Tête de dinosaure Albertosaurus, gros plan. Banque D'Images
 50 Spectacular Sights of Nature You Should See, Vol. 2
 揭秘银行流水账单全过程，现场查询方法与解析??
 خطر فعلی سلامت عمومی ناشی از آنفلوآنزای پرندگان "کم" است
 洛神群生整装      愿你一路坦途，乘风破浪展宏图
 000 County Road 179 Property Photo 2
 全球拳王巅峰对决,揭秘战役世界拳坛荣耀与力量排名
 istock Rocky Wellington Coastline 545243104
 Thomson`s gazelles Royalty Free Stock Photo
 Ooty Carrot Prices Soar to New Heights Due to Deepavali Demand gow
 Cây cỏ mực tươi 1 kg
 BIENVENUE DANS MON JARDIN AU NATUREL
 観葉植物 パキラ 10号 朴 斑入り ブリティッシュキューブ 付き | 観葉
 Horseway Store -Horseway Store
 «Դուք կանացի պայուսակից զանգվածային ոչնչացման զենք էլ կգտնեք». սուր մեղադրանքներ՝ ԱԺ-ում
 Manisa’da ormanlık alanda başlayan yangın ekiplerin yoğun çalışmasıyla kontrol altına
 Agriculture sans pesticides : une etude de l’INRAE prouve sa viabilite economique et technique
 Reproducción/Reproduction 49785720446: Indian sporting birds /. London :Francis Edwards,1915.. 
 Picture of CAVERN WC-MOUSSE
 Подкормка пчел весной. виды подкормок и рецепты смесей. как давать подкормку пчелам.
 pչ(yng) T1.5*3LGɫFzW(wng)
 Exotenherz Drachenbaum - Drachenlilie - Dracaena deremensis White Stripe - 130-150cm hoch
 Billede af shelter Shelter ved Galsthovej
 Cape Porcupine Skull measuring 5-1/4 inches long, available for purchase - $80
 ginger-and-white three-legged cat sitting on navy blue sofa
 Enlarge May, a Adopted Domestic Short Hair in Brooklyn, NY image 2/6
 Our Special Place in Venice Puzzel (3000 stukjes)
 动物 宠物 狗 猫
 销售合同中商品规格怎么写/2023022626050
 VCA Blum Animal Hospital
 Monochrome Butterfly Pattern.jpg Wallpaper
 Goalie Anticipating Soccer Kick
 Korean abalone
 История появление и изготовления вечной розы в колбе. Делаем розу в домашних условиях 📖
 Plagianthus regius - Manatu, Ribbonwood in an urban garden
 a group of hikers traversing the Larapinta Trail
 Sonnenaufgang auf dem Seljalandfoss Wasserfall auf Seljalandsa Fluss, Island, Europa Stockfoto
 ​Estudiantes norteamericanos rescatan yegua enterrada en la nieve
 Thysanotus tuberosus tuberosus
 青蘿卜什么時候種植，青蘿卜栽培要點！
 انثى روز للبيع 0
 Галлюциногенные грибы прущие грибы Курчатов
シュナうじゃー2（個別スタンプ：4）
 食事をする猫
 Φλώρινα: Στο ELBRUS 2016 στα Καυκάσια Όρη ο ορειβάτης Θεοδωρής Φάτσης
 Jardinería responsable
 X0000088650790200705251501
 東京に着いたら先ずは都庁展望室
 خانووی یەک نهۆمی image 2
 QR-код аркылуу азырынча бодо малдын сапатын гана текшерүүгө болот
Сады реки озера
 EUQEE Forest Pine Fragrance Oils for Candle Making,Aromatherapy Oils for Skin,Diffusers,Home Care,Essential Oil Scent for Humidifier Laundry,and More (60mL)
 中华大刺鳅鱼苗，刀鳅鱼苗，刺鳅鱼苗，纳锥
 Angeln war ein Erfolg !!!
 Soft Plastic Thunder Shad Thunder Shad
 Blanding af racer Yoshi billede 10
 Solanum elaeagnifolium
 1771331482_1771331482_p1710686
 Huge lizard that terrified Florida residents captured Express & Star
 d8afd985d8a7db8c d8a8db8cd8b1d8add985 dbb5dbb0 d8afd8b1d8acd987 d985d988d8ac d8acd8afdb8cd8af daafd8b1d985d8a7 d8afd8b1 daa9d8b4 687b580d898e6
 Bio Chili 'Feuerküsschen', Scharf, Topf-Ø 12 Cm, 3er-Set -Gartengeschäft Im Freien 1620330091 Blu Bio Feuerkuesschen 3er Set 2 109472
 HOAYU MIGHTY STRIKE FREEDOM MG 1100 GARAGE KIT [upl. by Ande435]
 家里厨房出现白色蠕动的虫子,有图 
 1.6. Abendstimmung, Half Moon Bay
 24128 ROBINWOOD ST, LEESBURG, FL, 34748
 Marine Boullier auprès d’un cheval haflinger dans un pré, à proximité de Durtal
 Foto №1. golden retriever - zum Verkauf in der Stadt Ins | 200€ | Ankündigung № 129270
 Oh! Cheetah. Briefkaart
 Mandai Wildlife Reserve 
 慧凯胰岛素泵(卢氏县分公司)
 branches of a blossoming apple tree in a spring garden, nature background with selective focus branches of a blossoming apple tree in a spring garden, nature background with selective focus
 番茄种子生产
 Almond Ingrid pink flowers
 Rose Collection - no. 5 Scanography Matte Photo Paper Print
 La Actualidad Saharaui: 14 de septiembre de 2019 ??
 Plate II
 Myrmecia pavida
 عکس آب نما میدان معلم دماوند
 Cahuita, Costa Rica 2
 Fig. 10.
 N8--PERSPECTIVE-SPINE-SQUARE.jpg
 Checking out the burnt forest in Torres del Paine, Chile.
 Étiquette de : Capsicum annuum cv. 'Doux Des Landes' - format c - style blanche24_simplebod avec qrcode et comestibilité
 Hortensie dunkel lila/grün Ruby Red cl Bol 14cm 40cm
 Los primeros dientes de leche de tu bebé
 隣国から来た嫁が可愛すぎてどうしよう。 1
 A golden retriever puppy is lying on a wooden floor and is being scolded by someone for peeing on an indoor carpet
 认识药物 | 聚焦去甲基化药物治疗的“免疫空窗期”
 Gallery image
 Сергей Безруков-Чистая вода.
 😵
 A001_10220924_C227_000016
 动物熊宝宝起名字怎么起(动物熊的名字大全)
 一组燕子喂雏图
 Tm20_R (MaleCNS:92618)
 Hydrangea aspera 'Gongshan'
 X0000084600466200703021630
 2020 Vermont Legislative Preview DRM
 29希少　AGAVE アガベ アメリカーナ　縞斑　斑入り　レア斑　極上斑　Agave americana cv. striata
------------------------------------------------
All lines above from the one holding "Oh! Cheetah. Briefkaart" to the one holding "عکس آب نما میدان معلم دماوند", inclusive, are to be copied exactly; no other line is wanted.

 Oh! Cheetah. Briefkaart
 Mandai Wildlife Reserve 
 慧凯胰岛素泵(卢氏县分公司)
 branches of a blossoming apple tree in a spring garden, nature background with selective focus branches of a blossoming apple tree in a spring garden, nature background with selective focus
 番茄种子生产
 Almond Ingrid pink flowers
 Rose Collection - no. 5 Scanography Matte Photo Paper Print
 La Actualidad Saharaui: 14 de septiembre de 2019 ??
 Plate II
 Myrmecia pavida
 عکس آب نما میدان معلم دماوند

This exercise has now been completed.